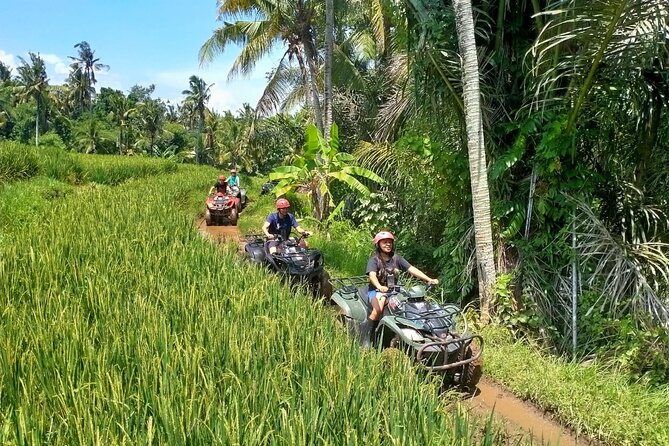 Private Quad Bike ATV with 2-hour Bali Massage and Spa - A wet, muddy ride through Bali’s countryside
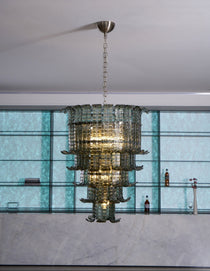 Cascade Murano Glass Chandelier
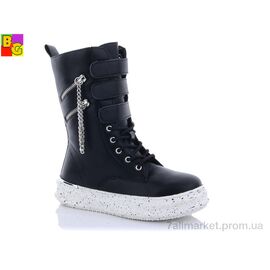 Черевики жіночі стильні Весна/осінь BSK21-50-04 (8 пар р.36-40) "BG" недорого оптом від прямого постачальника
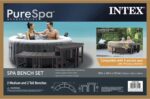 Intex Set of 4 PureSpa Benches, 2 Medium and a couple of Tall Bench Equipment ... - Image 7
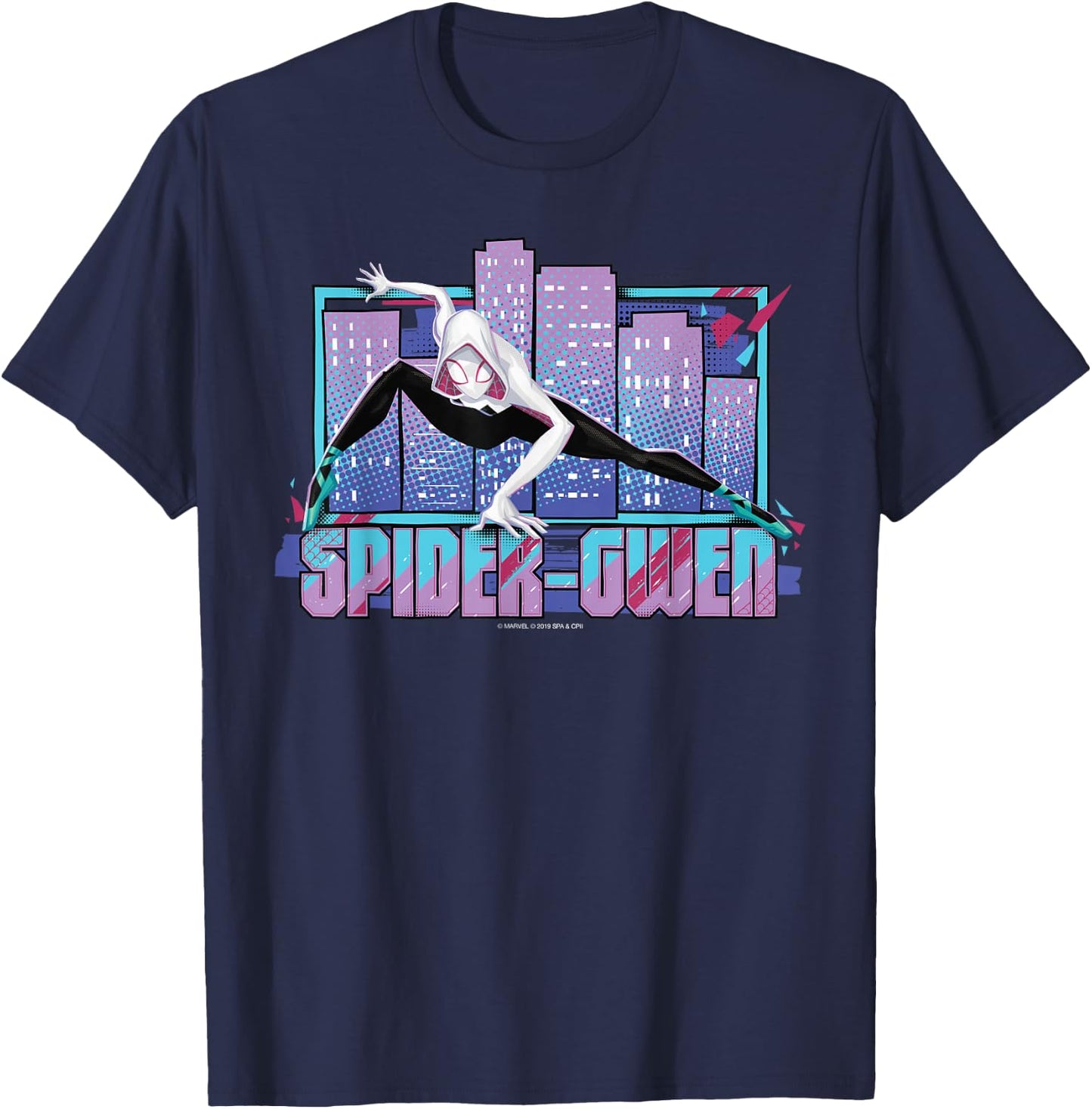 Marvel Spider-Man Into The Spider-Verse Spider-Gwen T-Shirt - T-Shirt | Navy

--------------------------------------------------

=== TASK TO COMPLETE ===
Only the lines from the one containing "Черевики жіночі стильні" through the final line of the records should be transcribed, exactly and with no pictures.

=== ANSWER SECTION ===
 Черевики жіночі стильні Весна/осінь BSK21-50-04 (8 пар р.36-40) "BG" недорого оптом від прямого постачальника
 Intex Set of 4 PureSpa Benches, 2 Medium and a couple of Tall Bench Equipment ... - Image 7
 Marvel Spider-Man Into The Spider-Verse Spider-Gwen T-Shirt - T-Shirt | Navy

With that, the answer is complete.